OVOSE: Open-Vocabulary Semantic Segmentation in Event-Based Cameras
This addresses the need for adaptable semantic segmentation in autonomous driving using event cameras, but it is incremental as it builds on existing foundation models and techniques.
The paper tackles the problem of open-vocabulary semantic segmentation for event cameras, which lack large-scale data, by introducing OVOSE, an algorithm that uses synthetic data and knowledge distillation to achieve superior performance on driving datasets like DDD17 and DSEC-Semantic compared to adapted image models and closed-set methods.

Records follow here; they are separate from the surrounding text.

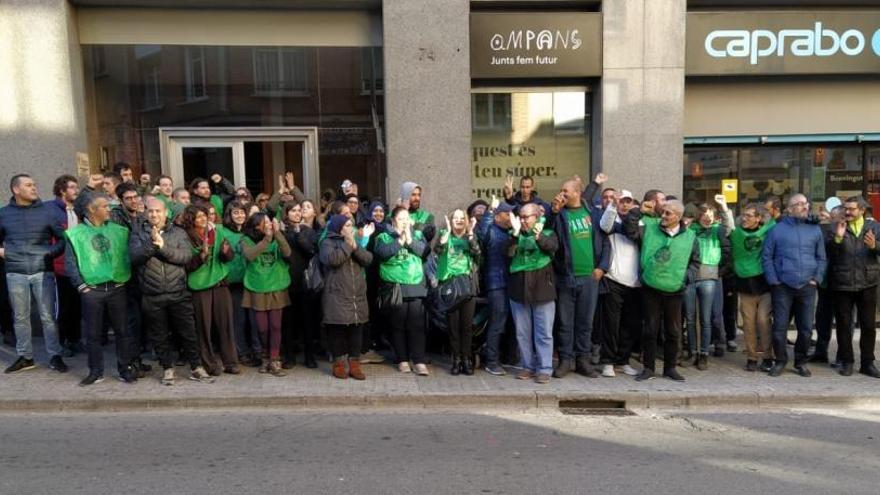 Voluntaris de la PAHC davant el bloc de pisos on viu l&#039;Abderraman, al carrer Barcelona.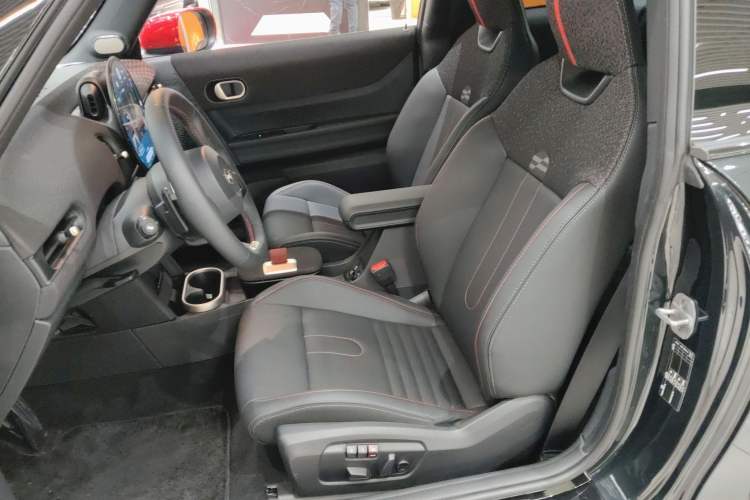 Used MINI JCW 2025 JOHN COOPER WORKS Left Front Seat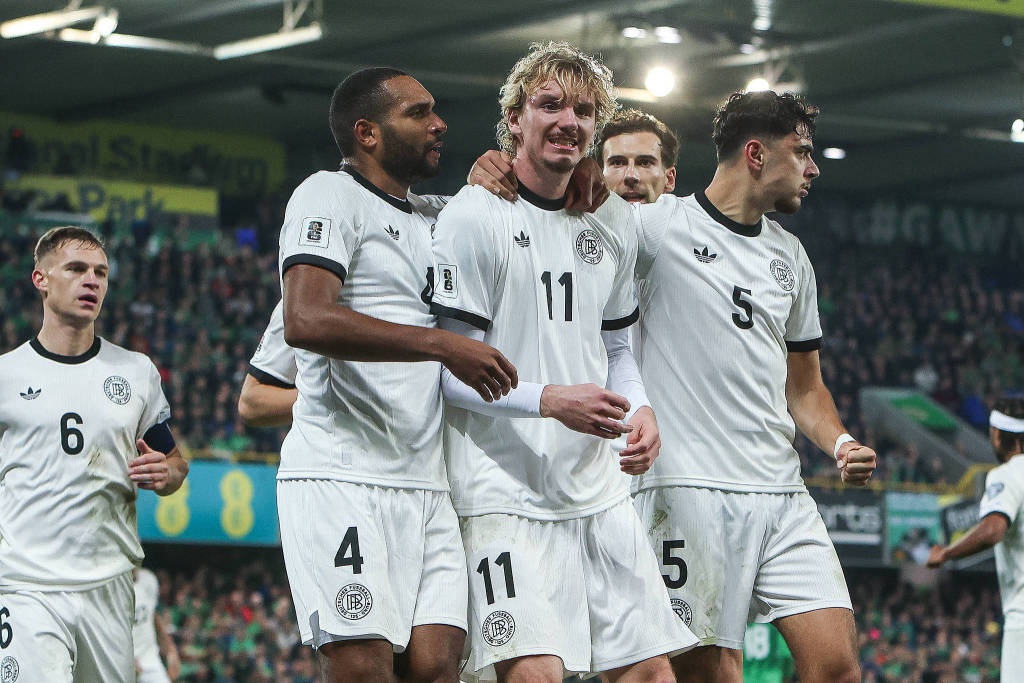 包含德国对阵冰岛,德国队强势应对的词条 包含德国对阵冰岛,德国队强势应对的词条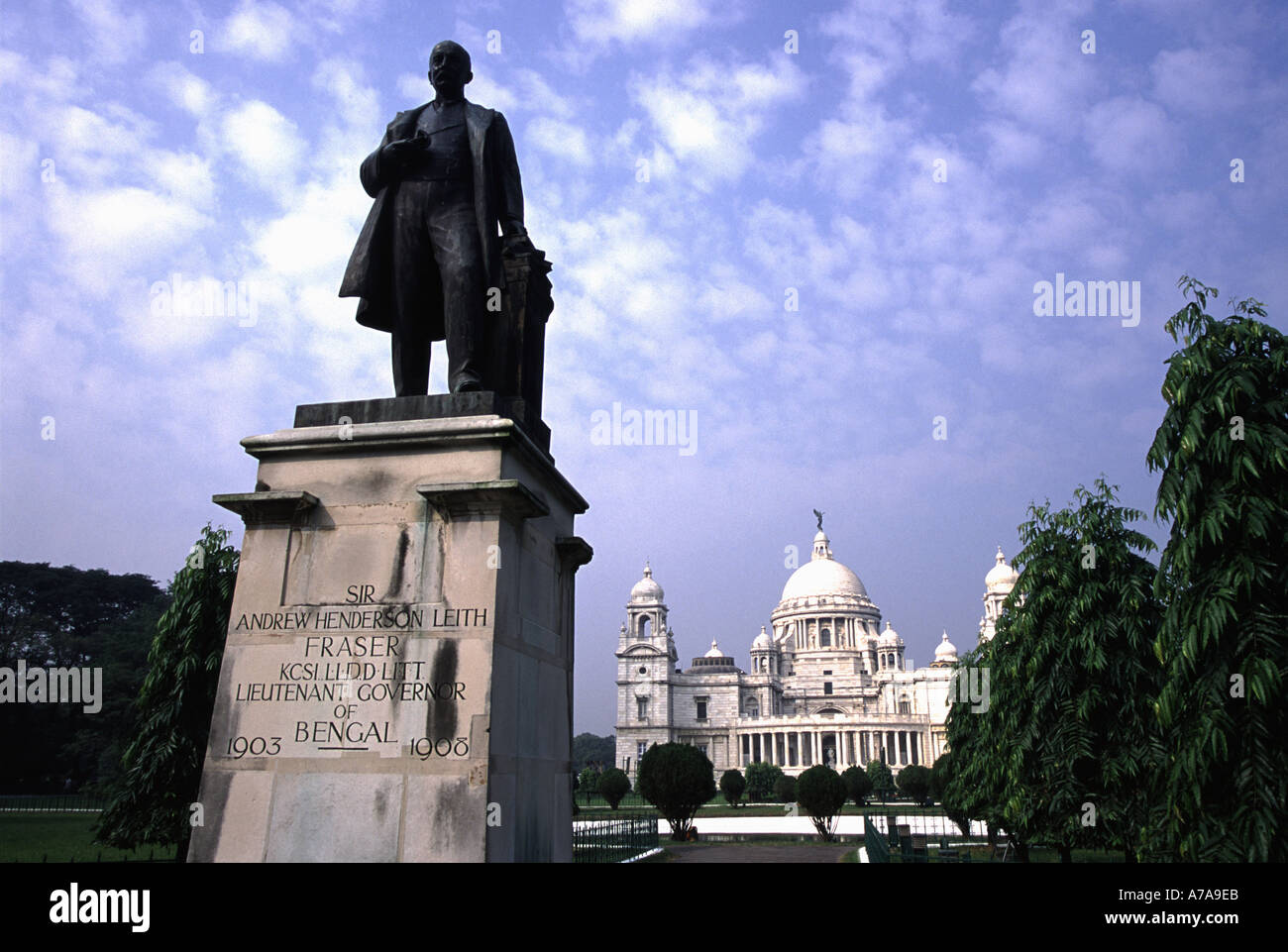 Statue of Sir Andrew Henderson Leith Fraser in front of the Victoria Memorial Hall in Calcutta West Bengal India Stock Photo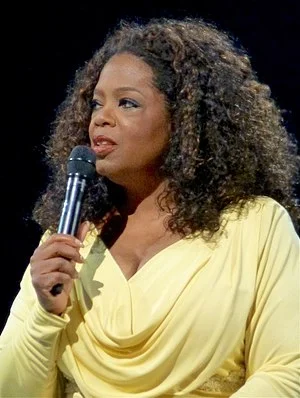 🍼 Nace Orpah "Oprah" Gail Winfrey en Kosciusko, EEUU
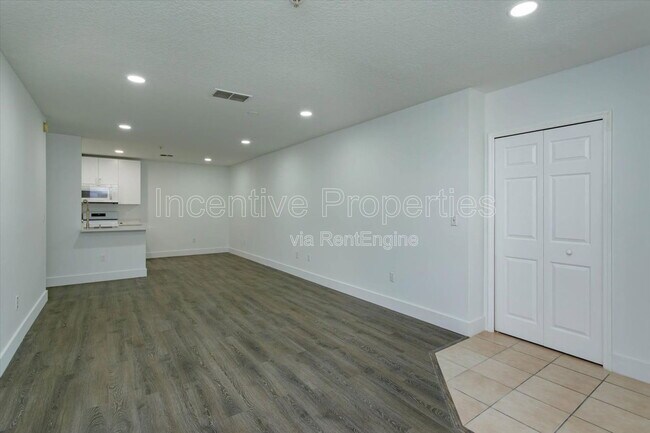 4352 S Kirkman Rd Unidad 1213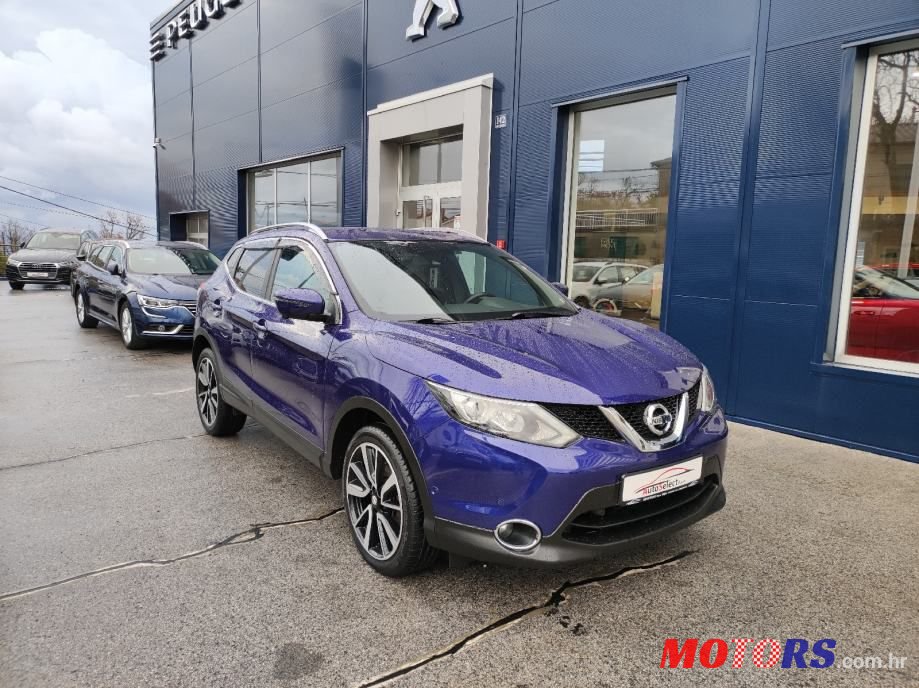 2015' Nissan Qashqai photo #2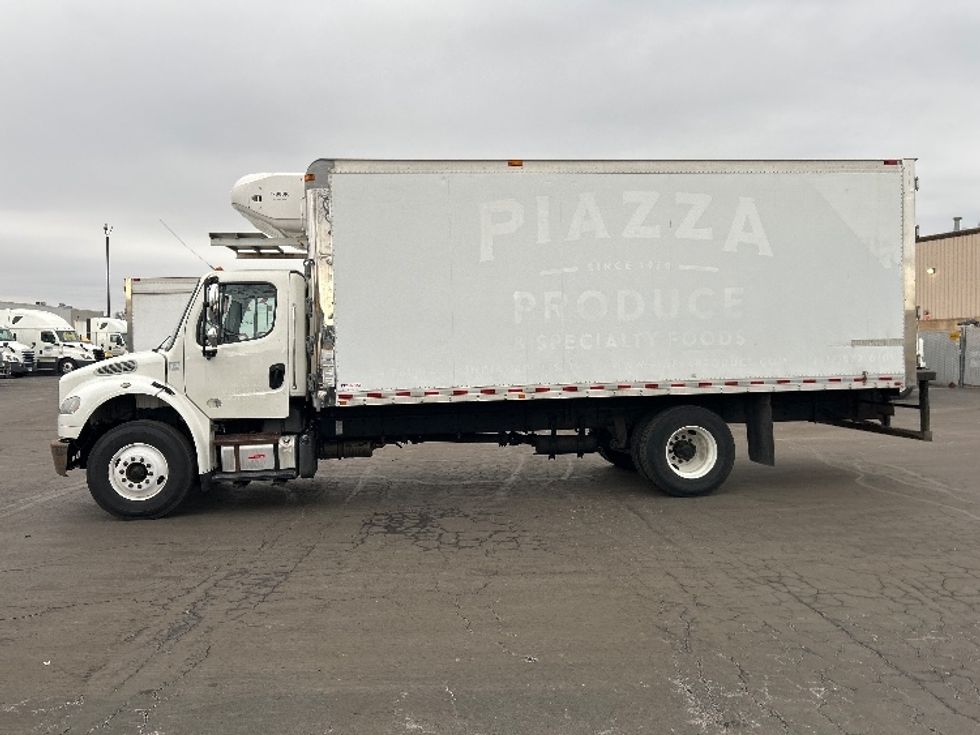 Refrigerated Truck-Light and Medium Duty Trucks-Freightliner-2019-M2-Indianapolis-IN-316,785\n\t\tmiles-$ 27,500 - Image 4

Event cameras, known for low-latency operation and superior performance in challenging lighting conditions, are suitable for sensitive computer vision tasks such as semantic segmentation in autonomous driving. However, challenges arise due to limited event-based data and the absence of large-scale segmentation benchmarks. Current works are confined to closed-set semantic segmentation, limiting their adaptability to other applications. In this paper, we introduce OVOSE, the first Open-Vocabulary Semantic Segmentation algorithm for Event cameras. OVOSE leverages synthetic event data and knowledge distillation from a pre-trained image-based foundation model to an event-based counterpart, effectively preserving spatial context and transferring open-vocabulary semantic segmentation capabilities. We evaluate the performance of OVOSE on two driving semantic segmentation datasets DDD17, and DSEC-Semantic, comparing it with existing conventional image open-vocabulary models adapted for event-based data. Similarly, we compare OVOSE with state-of-the-art methods designed for closed-set settings in unsupervised domain adaptation for event-based semantic segmentation. OVOSE demonstrates superior performance, showcasing its potential for real-world applications. The code is available at https://github.com/ram95d/OVOSE.